If you’re not a fan of “fishy” fish, you’re in luck: just like other meat products, fish varies widely in both flavor and texture, running the gamut from firm to flaky, assertive to mild. Even if you hate salmon, there’s a good chance that you might enjoy a milder variety like cod or tilapia. Before writing off an entire category of aggressively healthy food, be sure to experiment- after all, there is plenty of fish in the sea, so to speak.
Not sure where to get started? Consider this your beginner’s guide of the best fish for your plate- and the planet.
Perhaps the most ubiquitous of healthy fish, salmon is high in both EPA and DHA, two omega-3 fatty acids that reduce the growth of arterial plaque and lower triglycerides. While there are many species of salmon, the healthiest for your plate (and mother earth) are wild-caught salmon from the Pacific (Alaska and Washington). These varieties more sustainably fished, with larger, more stable populations than Atlantic salmon, thanks to a combination of overfishing, pollution, and environmental change.
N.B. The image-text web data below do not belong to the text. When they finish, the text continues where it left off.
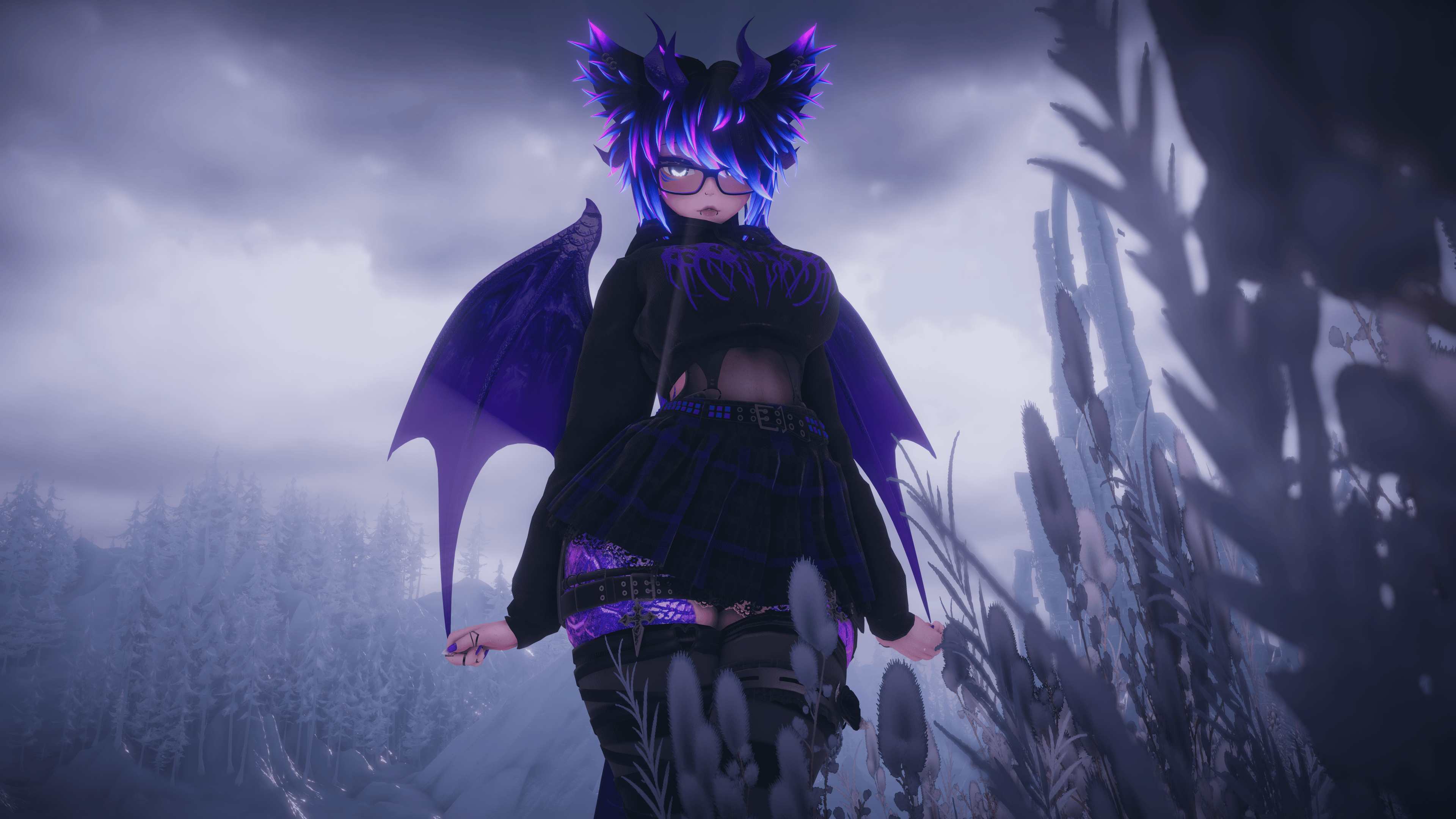 Lexis Rework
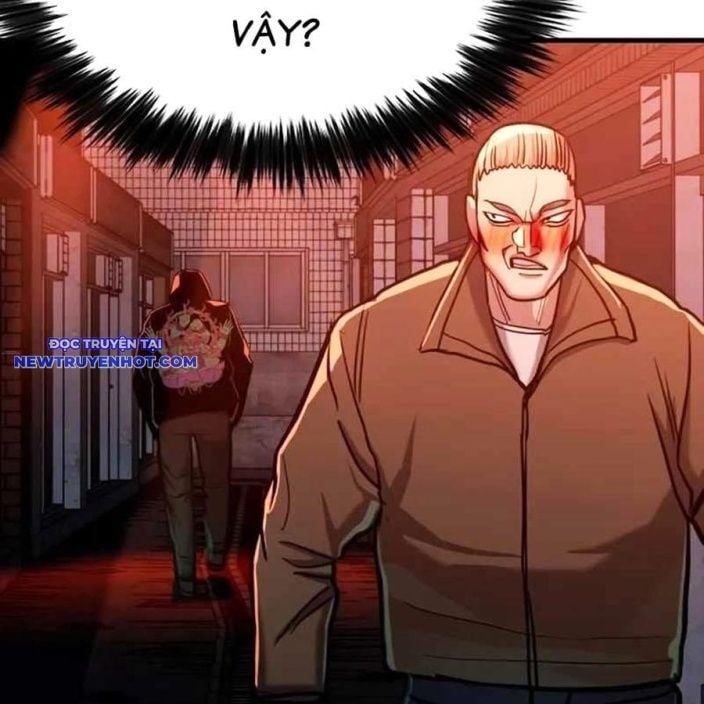 Thực Thi Công Lý - Chap 8 - Trang 137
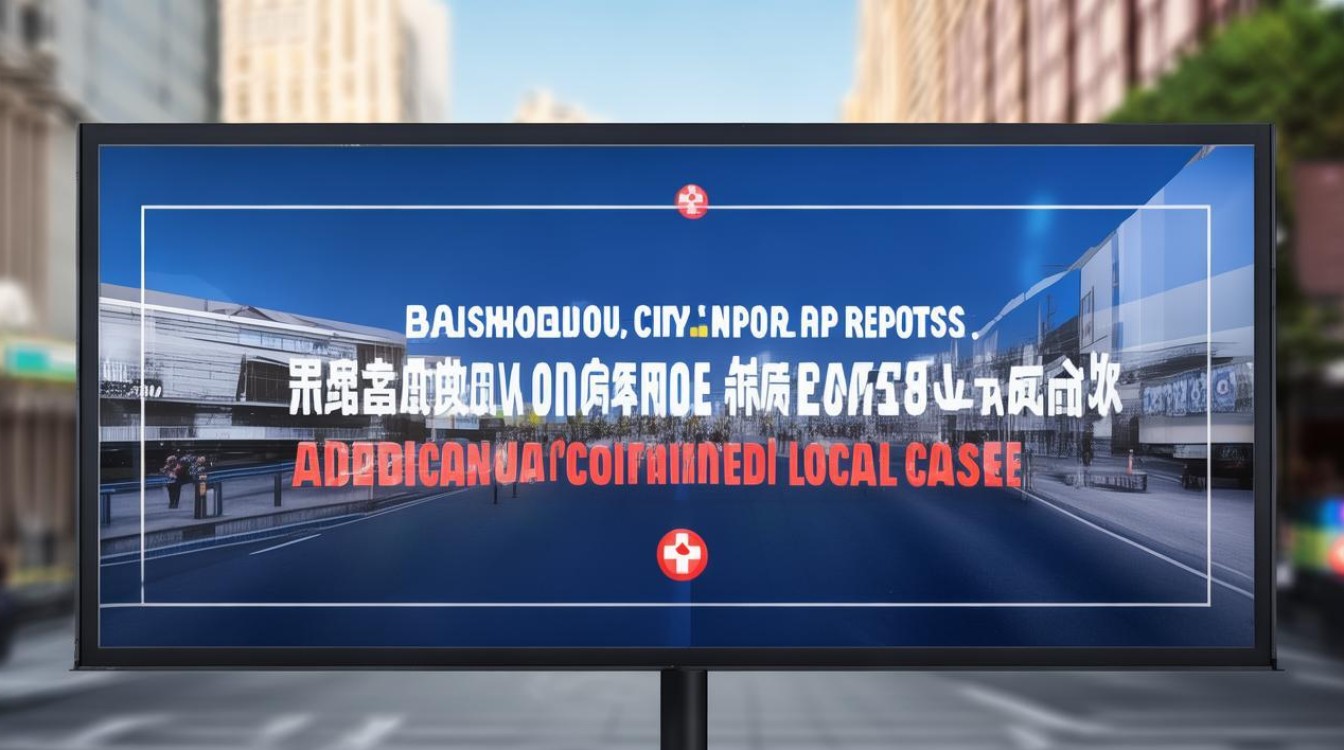 百色市新增本土确诊，百色市新增本土确诊病例-图4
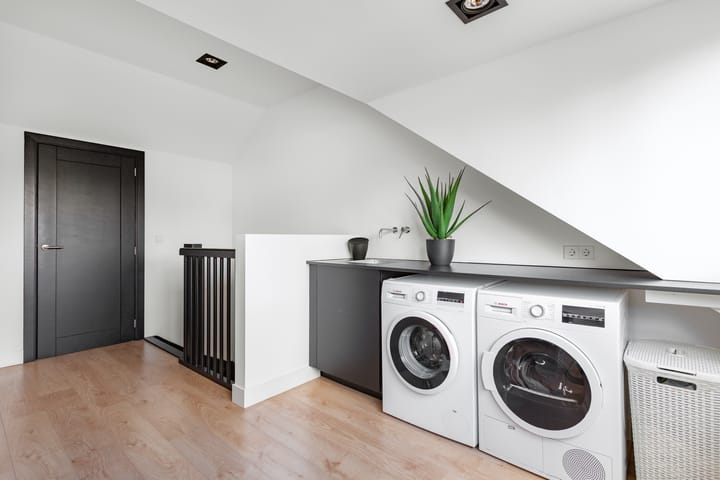 Foto 46 van Oudheusdenstraat 20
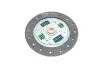 Фото Комплект зчеплення RENAULT LAGUNA II 1.8/2.0 03.01-12.07 Valeo (826207) зображення 5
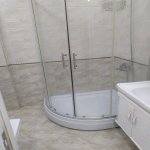 Kirayə (aylıq) 2 otaqlı Yeni Tikili, 8 Noyabr metrosu, Papanin, Nəsimi rayonu 13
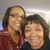 Yvonne Coley Covington's profile image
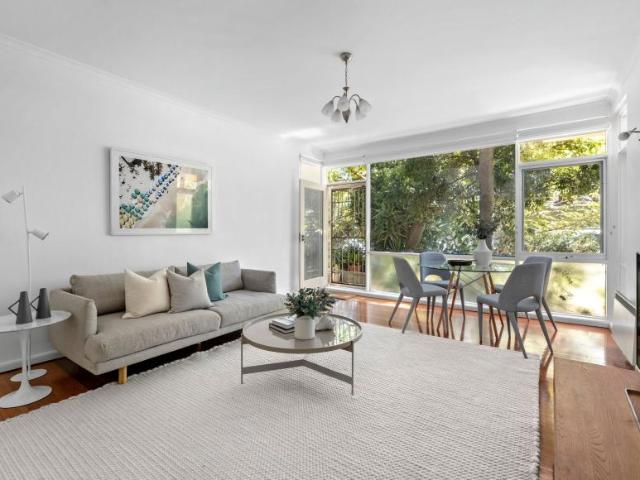 Apartment for sale in Beaumaris, Melbourne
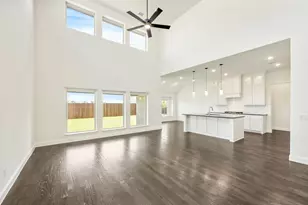 805 Turnbull Ave, Fort Worth, TX 76247 - Photo 14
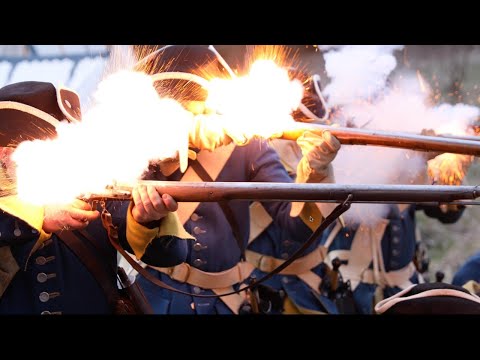 Svenska Lif:Compagniet - an introduction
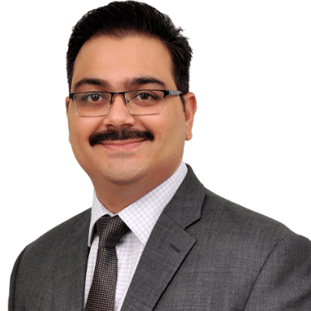 Devanshu Kalra,,Managing Director Devanshu Kalra,,Managing Director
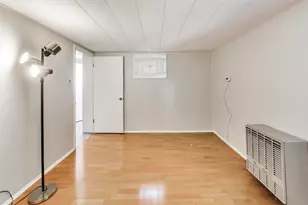 5601 Carol Ave, Morton Grove, IL 60053 - Photo 16
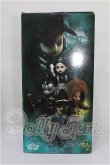 画像3: LDD/THE TIN MAN S-26-10-11-162-TO-ZS (3)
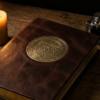 Best esoteric training Online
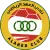 Al Ahed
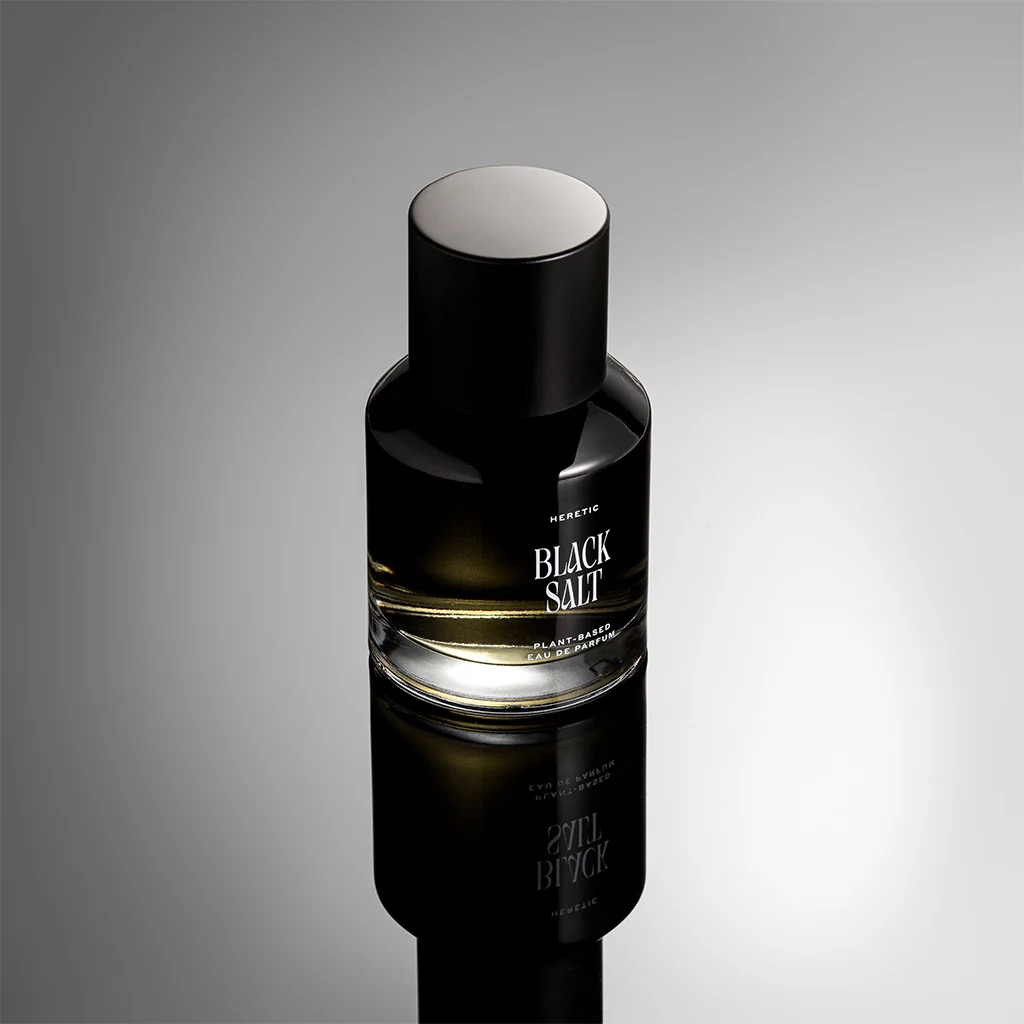 Heretic Parfum Black Salt 50ml - Image 5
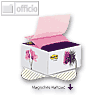 Details zu Post-it Z-Notes Haftbox, ...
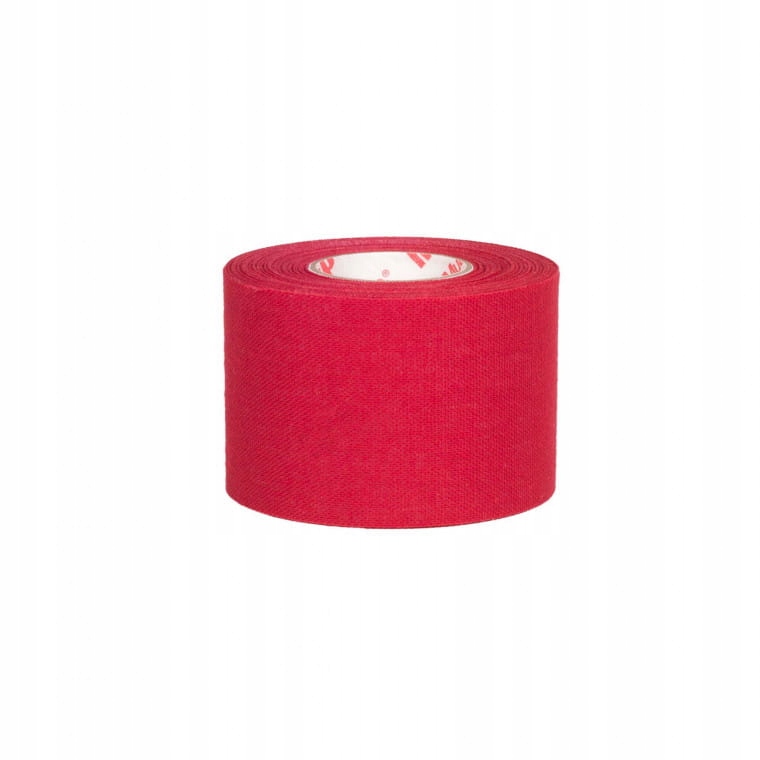 

M-Tape Mueller tejp sztywny 3,8cm x 9m taśma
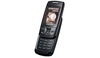 Mobilní telefon Samsung E 250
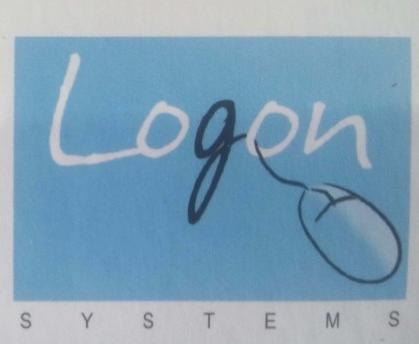 LOGON
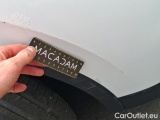  Volkswagen  Tiguan 2.0 TDI 150 DSG7 ACTIVE #42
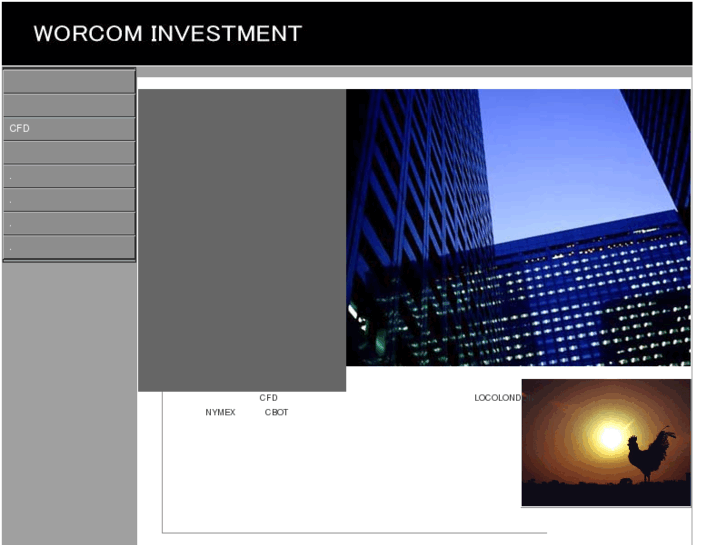 www.worcom-invest.com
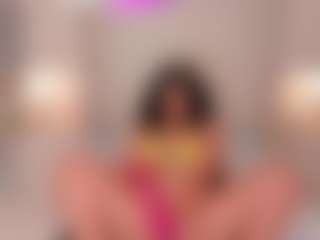 TRISHA's Live Sex Cam Show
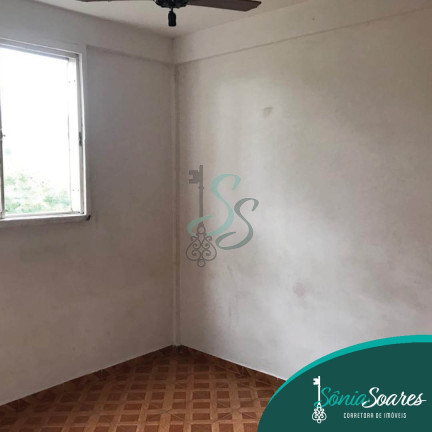 Imagem Imóvel com 2 Quartos à Venda, 57 m² em Parque Residencial Vila União - Campinas Imagem Imóvel com 2 Quartos à Venda, 57 m² em Parque Residencial Vila União - Campinas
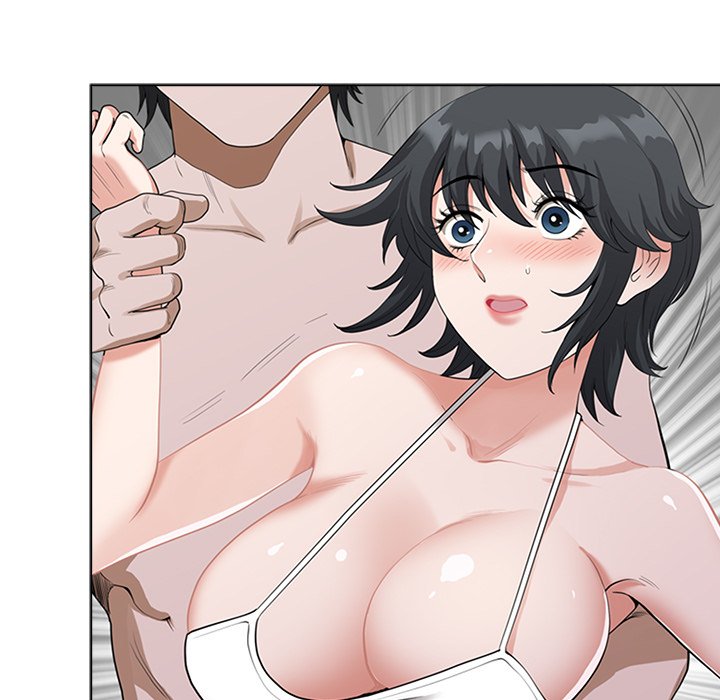 My Husband’s a Twin! Chapter 4 image 118
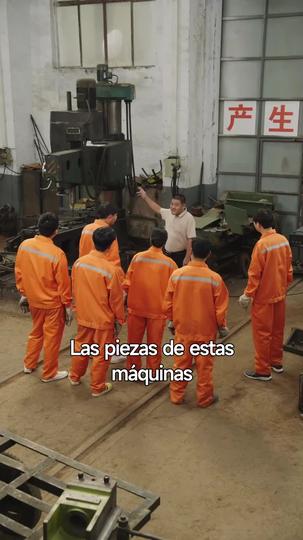 El Regreso de la Leyenda Episodio 5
You’ll likely enjoy tilapia if: you’re not a fan of “fishy” fish.
The best fish for the seafood-wary palate, tilapia is very mild in flavor and flaky in texture. Farm-raised Tilapia in the US is produced in so-called “closed farming” systems, which limit pollution. Avoid tilapia produced in China or Taiwan, which are produced in open farming systems that generate pollution and create a less healthy product and ocean habitat.
A fatty fish found in warm-water oceans, tuna is beloved in both its yellowfin (aka Ahi) and canned varieties. Whether you’re consuming tuna in steak or canned form, it’s much healthier than many consumers believe. Despite concerns related to mercury concentrations, most consumers would have a difficult time overdoing it on tuna- especially of the yellowfin variety. It’s likely your wallet would feel the pinch before mercury consumption became a concern. However, women who are pregnant or breastfeeding should limit tuna consumption to 6 oz per week.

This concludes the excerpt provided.